## Directions for this task
Beginning at the line containing "Mani stone wall", give again every line through the end of the data, unchanged and with both ends included. Drop any pictures.

## Data excerpt
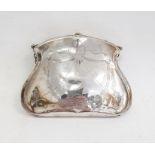 George V silver-mounted purse with brown leather interior, engraved detail of bow and swags, Chester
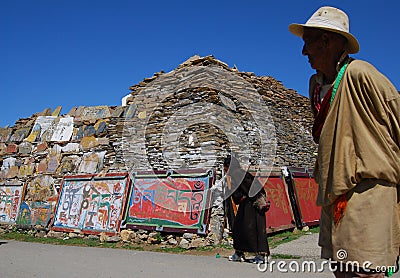 Mani stone wall in Tibet Editorial Stock Photo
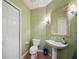 Bathroom with decorative wallpaper and stand alone sink at 5450 Eagles Point Cir # 405, Sarasota, FL 34231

## Expected answer
 Mani stone wall in Tibet Editorial Stock Photo
 Bathroom with decorative wallpaper and stand alone sink at 5450 Eagles Point Cir # 405, Sarasota, FL 34231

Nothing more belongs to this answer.